Munich train station is alive with activity. It is Friday night, groups of people board the night train with bags of alcohol, ready to get off at the stops along the way for a party. By 11.30 on Saturday morning, I am sitting in a coffee shop at Zagreb airport, waiting to meet the other runners who have flown in. By this point I have been travelling for over 30 hours. I’m knackered, ready for a shower but also buzzing that I have managed to get to Croatia without getting on a plane. Finally I meet up with everyone else and the whole adventure starts to feel a bit more real.
We meet outside the hotel by the pool for a shake out run. The heat prickles my skin, my shirt feels damp from standing in the sunshine let alone running.
The heat is the kind that sucks your energy, the kind that suits lounging on the beach with a book and an icy drink in hand. Not the kind of heat suited to 260km of running.
A kit check of the extensive mandatory kit list follows (including full waterproofs, base layer, gloves, hat, emergency blanket, whistle, first aid kit, compass plus capacity for 1.5 litres of water and 800kcals of food – only to be eaten in an emergency! Is it any wonder that packing for a multi-stage ultra is so stressful? We then board a coach, heading for the campsite by the sea that will be home for the next 3 nights.
Day One 25 miles
After a fitful nights’ sleep in a tent with five other people (five amazing women) the anticipation and excitement to get going ripples through me. Then, we’re off.

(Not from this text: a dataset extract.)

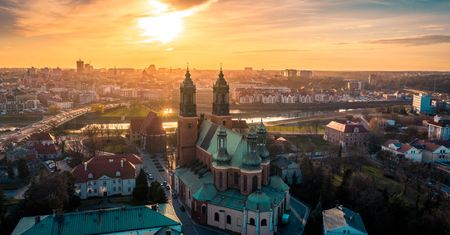 275 mld zł z unijnym stemplem. Te pieniądze już zmieniają Polskę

I have never been a technical runner, the rocky descents make my heart race with terror. I pick my way down tentatively, clawing at the walls of rock banking up the sides watching in awe as fearless runners seemingly fly downhill, calling out like wild cave men. The early conversations of the morning seem like a lifetime ago when we make it back to camp 10.5 hours later at 5.30pm. Just in time for some dehydrated noodles.
Day Two 22 miles
Today, we run through what the locals call the ‘Garden of Eden’, a beautifully green landscape snaking along the river Zrmanja. Storms are forecast, a scree slope is mentioned. I find myself in a state of euphoria.
We slither through a river waist deep water where the trail has dipped down and the shock of the cold is exhilarating, energising even. I feel my feet shrink back down to size, after the inevitable swelling from running a marathon the day before and 15km into day two. The 30°C heat of the day is beaten back by the fridge-like reset of the river.
My lack of fear on the scree surprises me. It’s almost like I can’t be bothered to entertain it which is the very opposite to how I approach challenges in every day life where fear will often paralyse me.
Day Three 30 miles
“This will be the hardest day…stick together.”
The words from the day three race briefing which are given every morning before we set off reverberate in my ears. We’ve been warned this day will be tough, ‘Don’t start if you don’t feel like you can do it,’ helping to scare ten people off from starting and a few more planning to attempt to get to checkpoint one.
I look out at the shimmering Adriatic Sea stretching out from Starigrad. The campsite sits right on the shoreline, and it is alive with activity, probably a shock to the regular holiday visitors. Water bottles are being filled, oats and coffee consumed, packs packed and re-packed. I find myself crying, choked with emotion at the daunting day ahead but also reminded of the simplicity. How many more difficult things have I done in my life? I’m reminded why I’m doing this too. Yes, it’s challenging but how much harder is it to live without freedom? Tribe’s mission, and the whole purpose of the event is to raise awareness of modern day slavery and raise funds that will help support the survivors of human trafficking. When the going gets tough, this is worth remembering.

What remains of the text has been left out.